Pour tout hispanophile de base,assister à une représentation de"La Célestine",oeuvre emblématique de la littérature du début du Siècle d'OR(1499) et de la peinture espagnoles(Picasso de la période "bleue"), ne se manque sous aucun prétexte.La Presse s'en est fait unanimement l'écho: ne pas se rendre à Nanterre eût été une "faute" aux yeux de certains.
Pendant les trois heures trente de spectacle,Christian Schiaretti nous donne à voir, conformément à ses déclarations,une mise en scène complètement imprégnée de l'Ecole du T.N.P. de Chaillot:
Décor réduit à un unique praticable central,sur lequel s'ouvrent à chaque extrémité des portes rouge-sang(semblables à celles d'un tauril), costumes éblouissants pour les acteurs,et lumières seules définissant lieux et climats de l'action.
Le texte de Rojas se reçoit pleinement d'un bout à l'autre de la représentation,c'est un brûlot:sa force de subversion, son érotisme exacerbé,sa dénonciation du clergé,sa peinture de la bassesse, de la cupidité et de la luxure des hommes sont non seulement impensables dans le contexte de l'époque, mais conservent toute leur force de transgression intacte aujourd'hui. C 'est éblouissant , en le découvrant sur scène on comprend qu'il soit considéré comme fondateur du théatre moderne.
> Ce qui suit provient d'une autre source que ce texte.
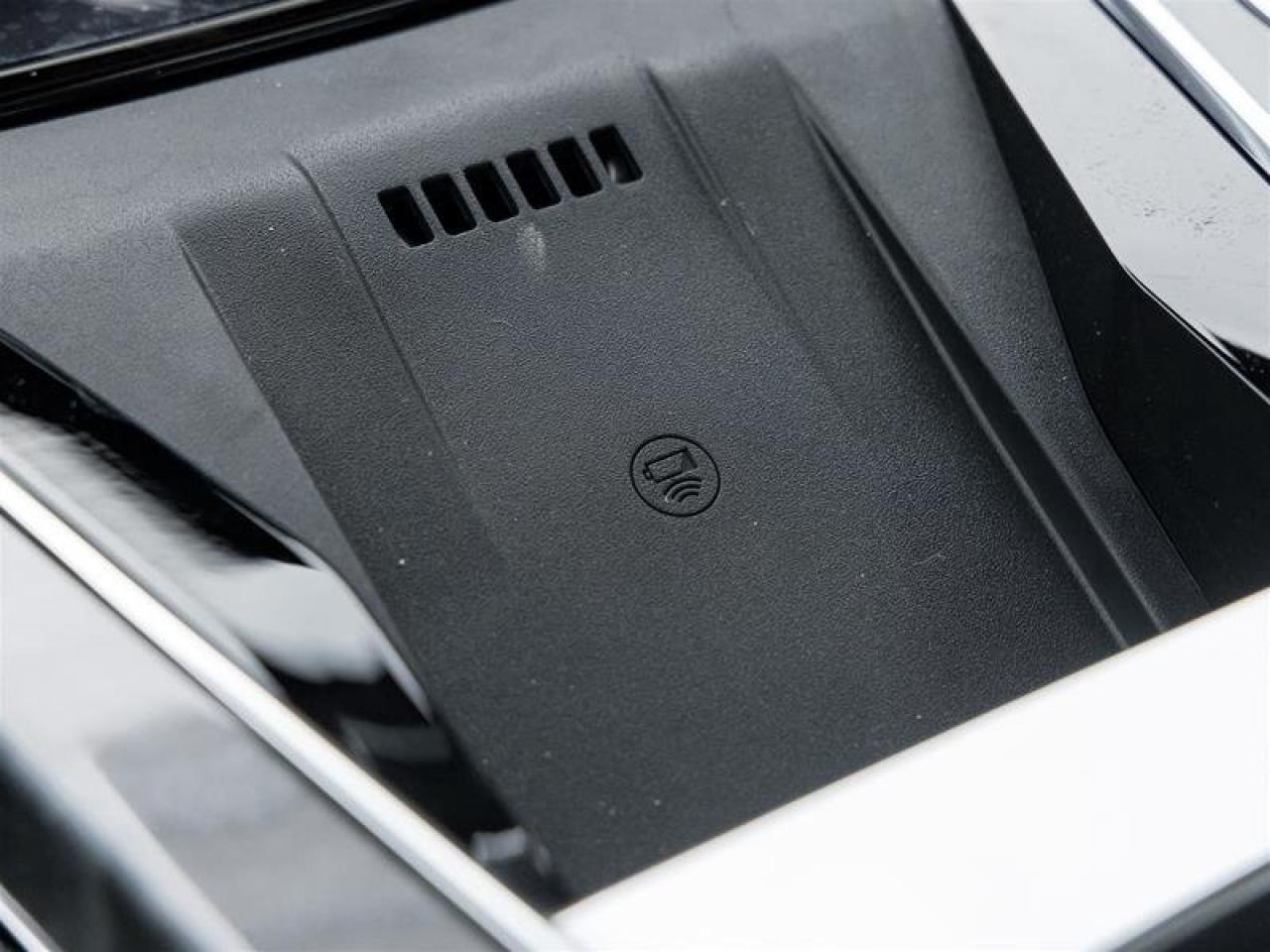 2026 Cadillac Escalade IQ Sport Photo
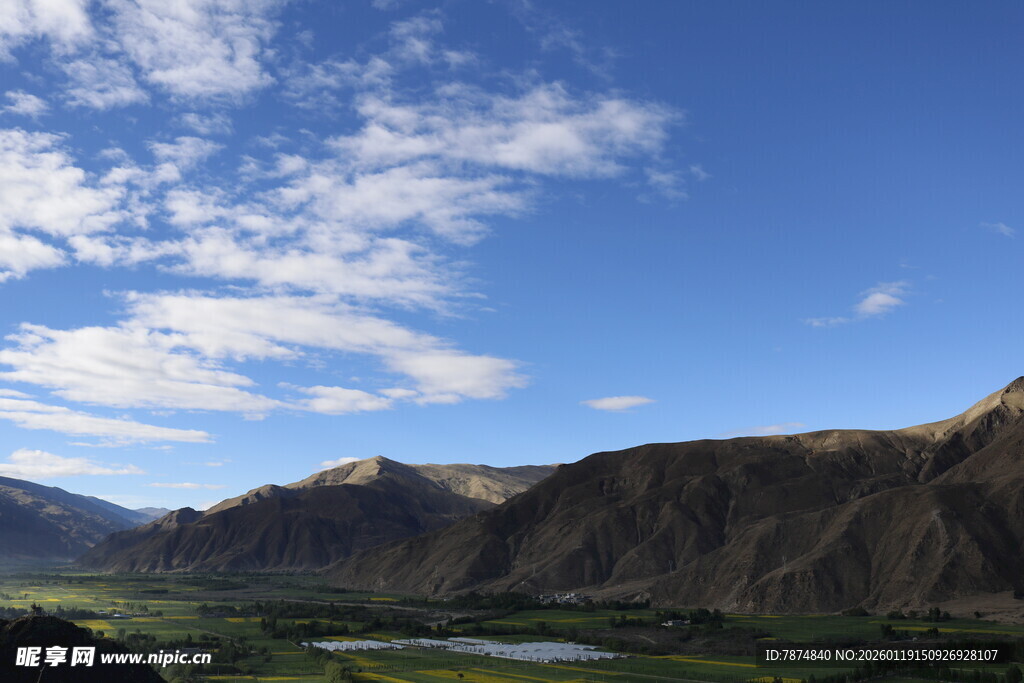 蓝天白云下的壮美山川景色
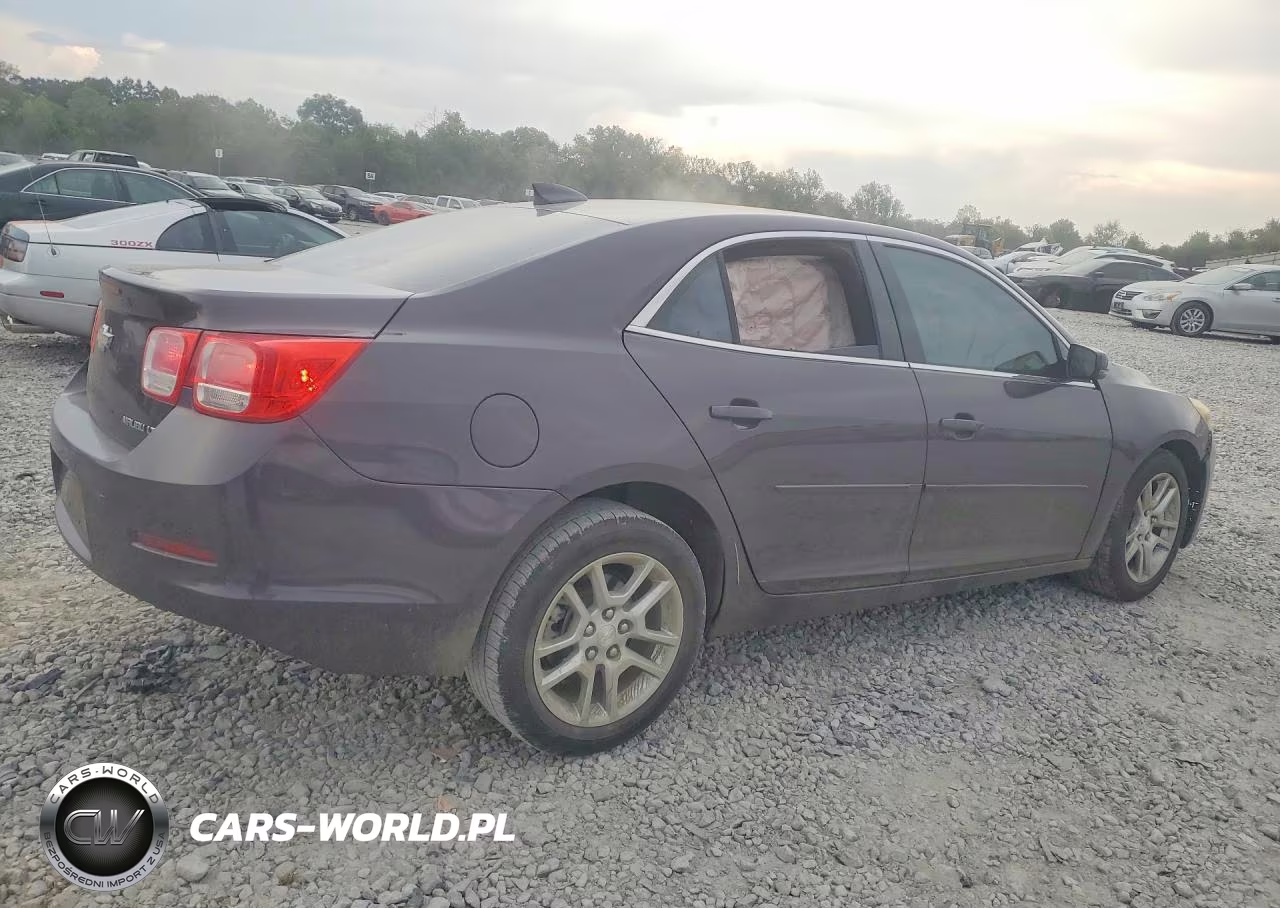 2015 Chevrolet Malibu 1Lt VIN:1G11C5SL2FF255408 - 3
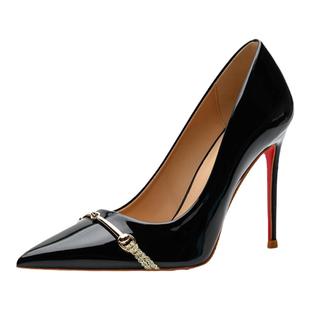 迷人高跟鞋女酒店新款细跟设计感小众尖头红底女鞋搭扣淑女洋气夏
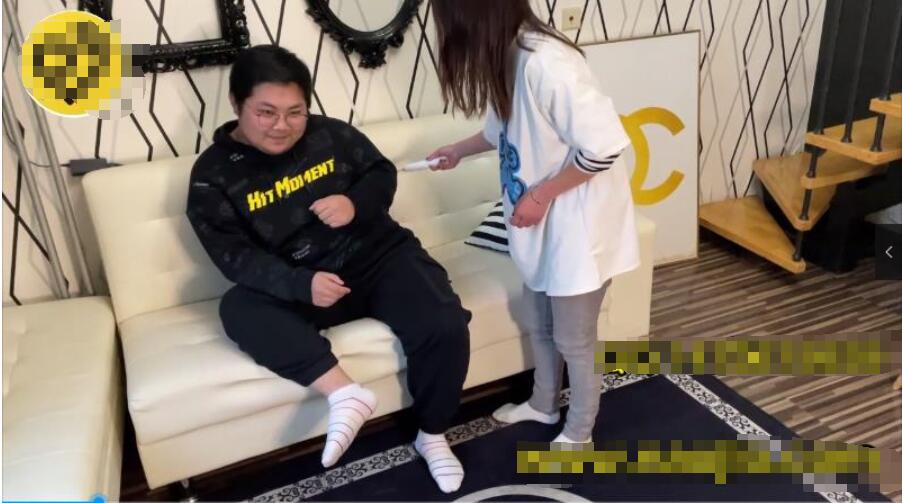 JDD88-獨立回家的小熊下班回家放松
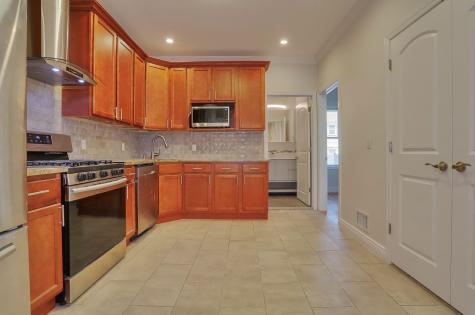 106 Poplar Street Jersey City NJ 07307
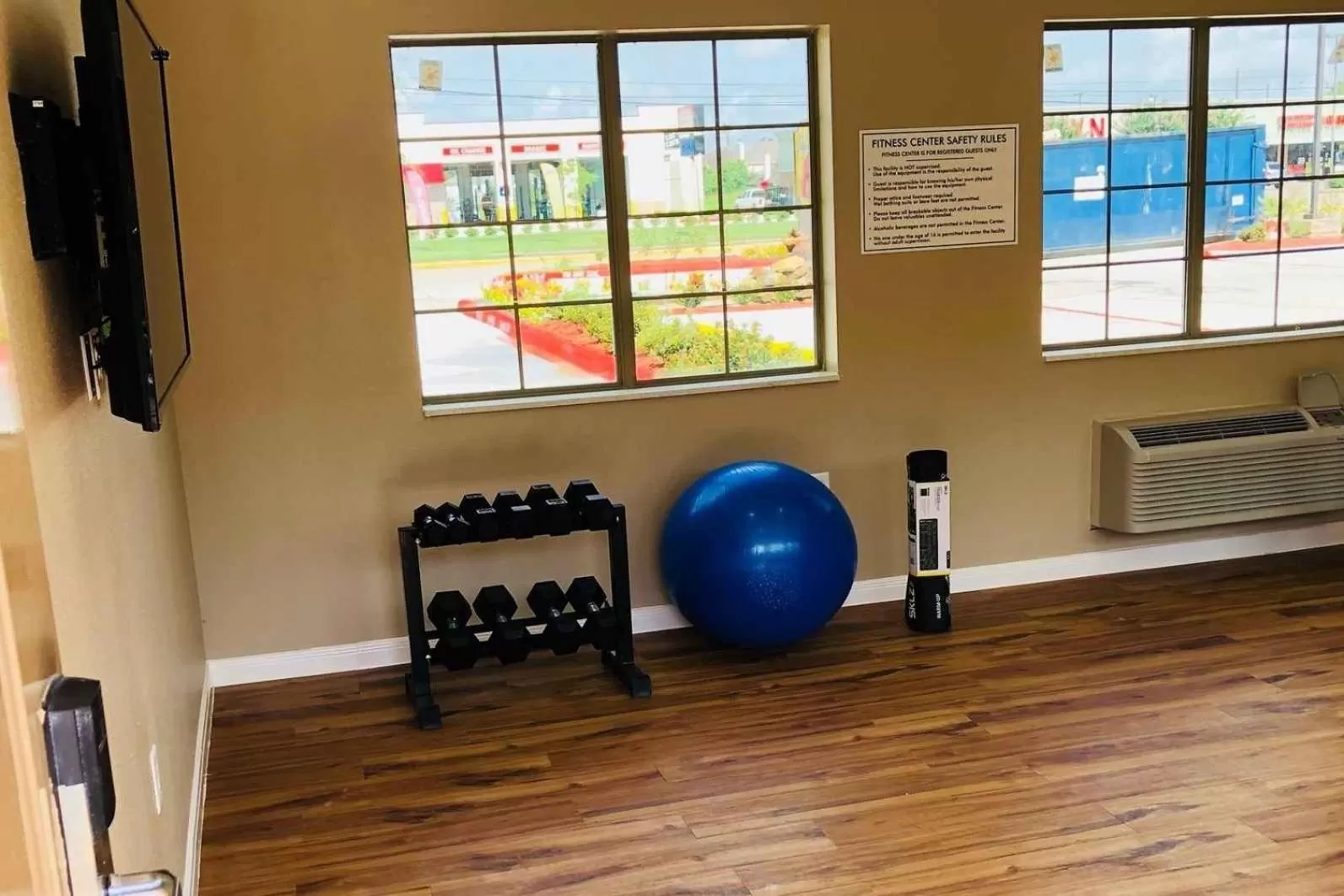 Fitness centre/facilities in Super 8 by Wyndham Houston Northwest Cypress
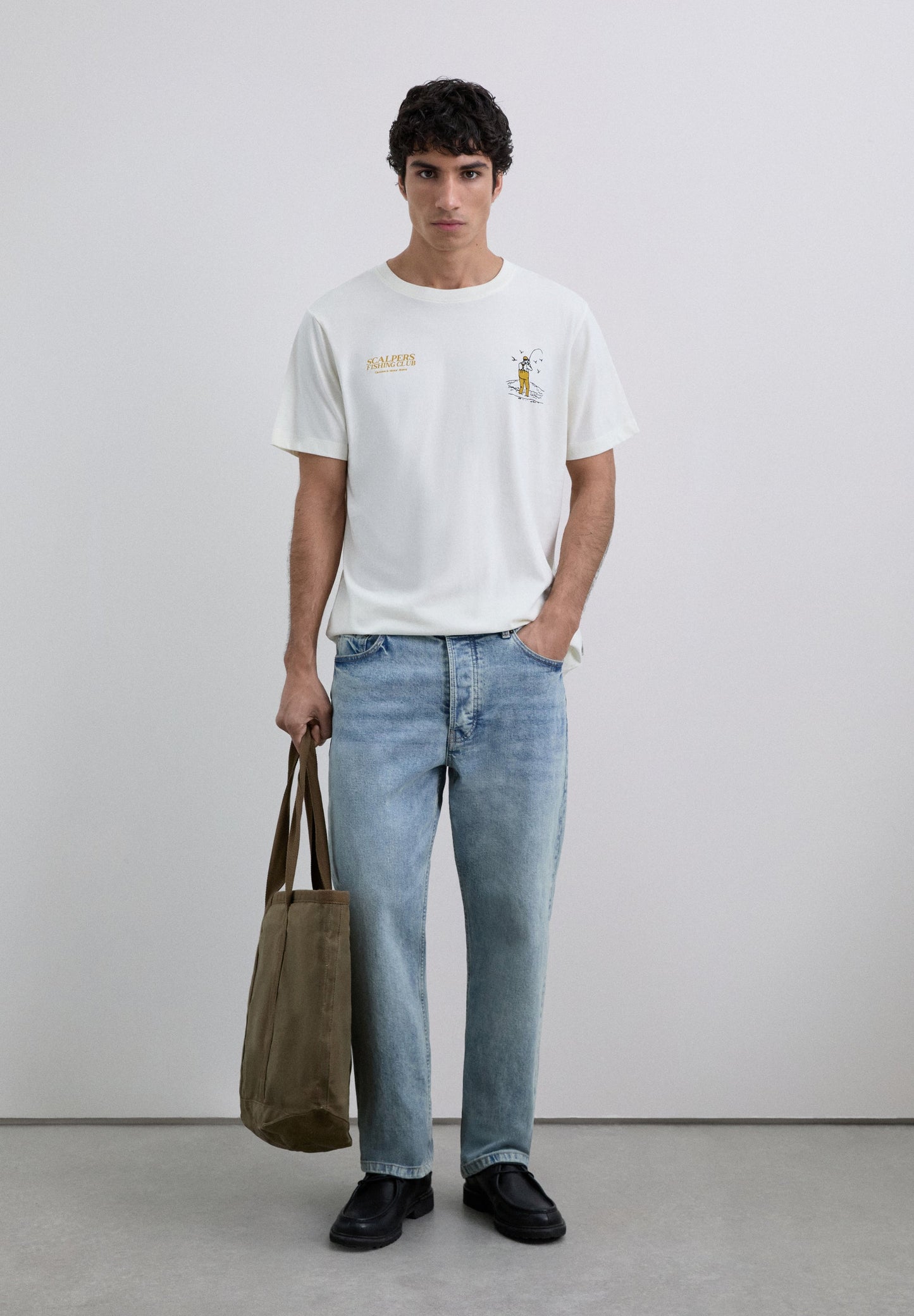 T-SHIRT COM PADRÃO PESCADOR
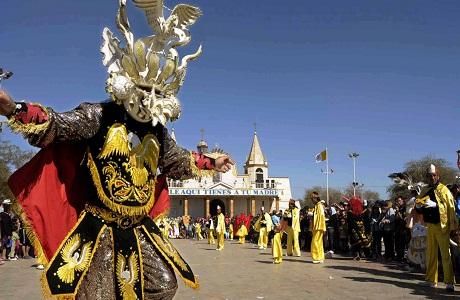 Las Danzas de Diablos a la Virgen del Carmen, Reina y Madre de Chile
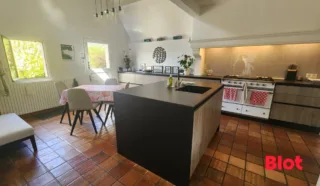 Maison 4 pièce(s)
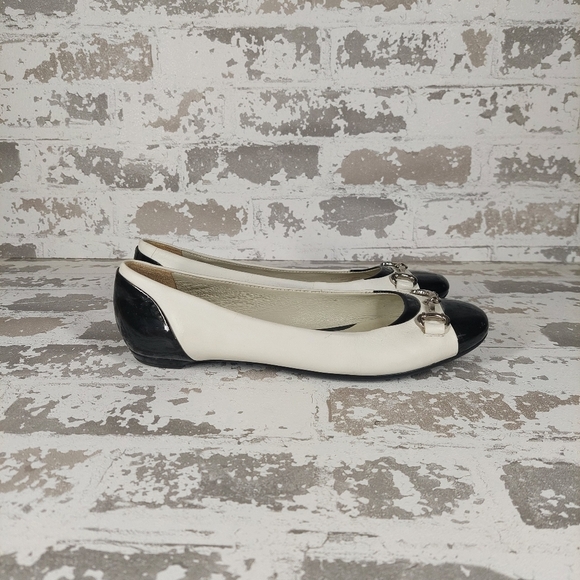 Geox Respira Black & White Leather Elizabeth Cap Toe Ballet Flats V140 - Picture 3 of 8
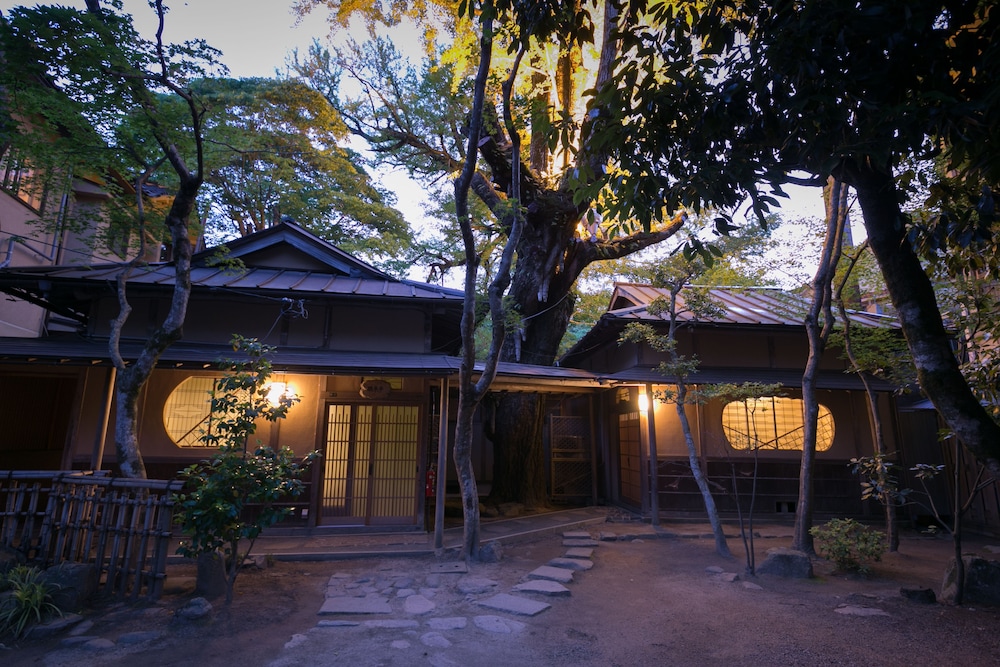 名泉鍵湯 奥津荘 岡山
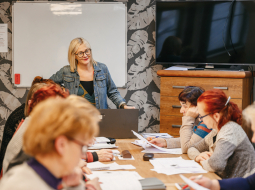 Latviešu valodas mācības profesionālās tālākizglītības iestādē PURE Academy šā gada sākumā. Nodarbību vada Sabīne Dombrovska. FOTO — Edgars Pohevičs, no Ir arhīva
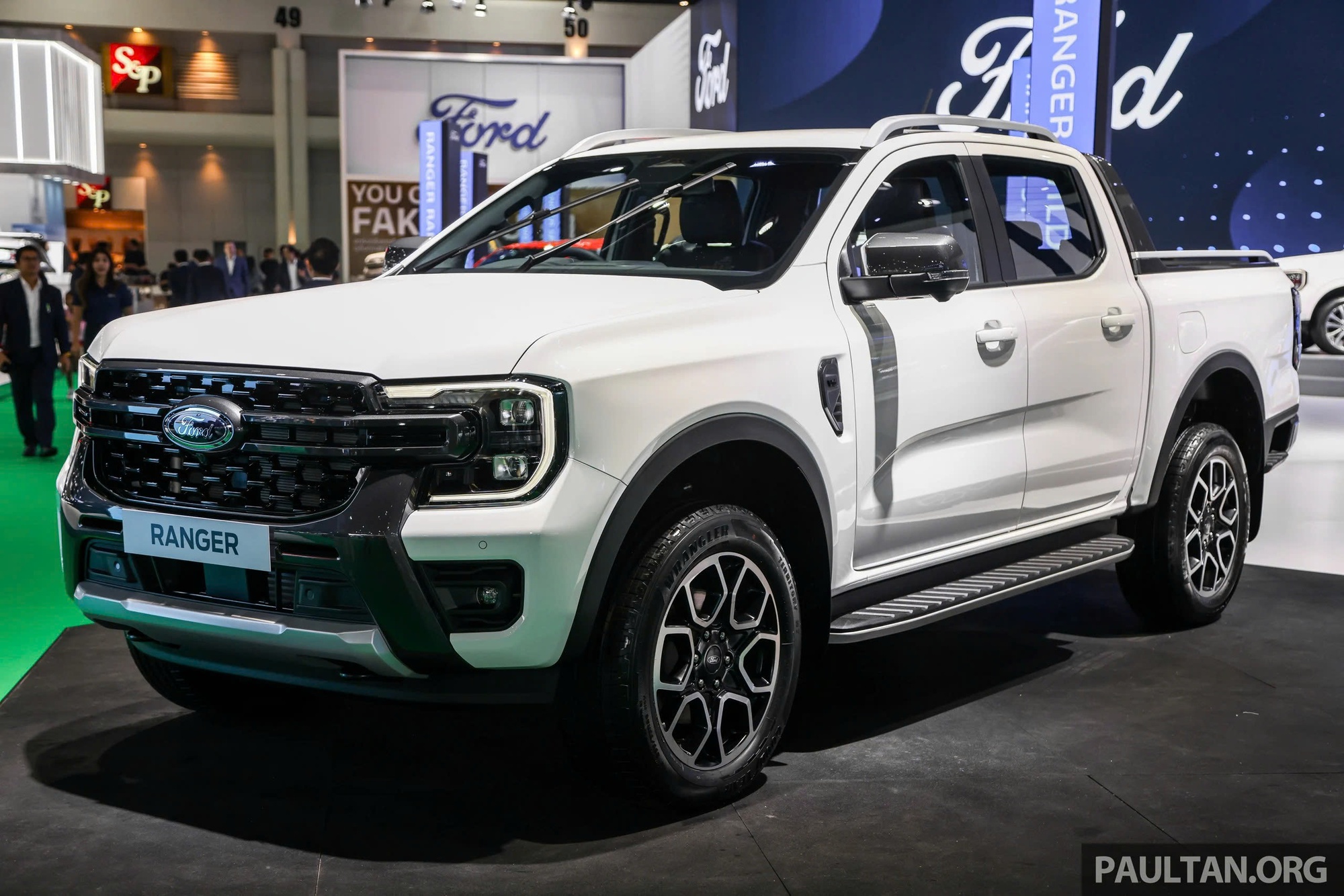 Ford Ranger Wildtrak V6 3.0L màu đỏ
Mais... il y a un mais, quitte à déplaire: Jean Vilar reste incomparable, inégalé dans sa conception théatrale, et si les jeunes comédiens de Lyon sont tous beaux et justes, si Hélène Vincent se donne sans réserves à la Célestine, il manque à ce spectacle le "Souffle" T.N.P.On ne peut s'empêcher, là encore, d'évoquer les "Grands Ainés" Maria Casarès pour ne citer qu'elle, et cette jeunesse mûe par le désir et le souci de libération manque aussi cruellement de chair.
Il faut cependant reconnaître à Christian Schiaretti le grand mérite de nous donner à voir ce que l'on ne voit jamais.C'est déjà tout à fait louable: l'ignorance de ces auteurs sur nos scènes est injustifiable.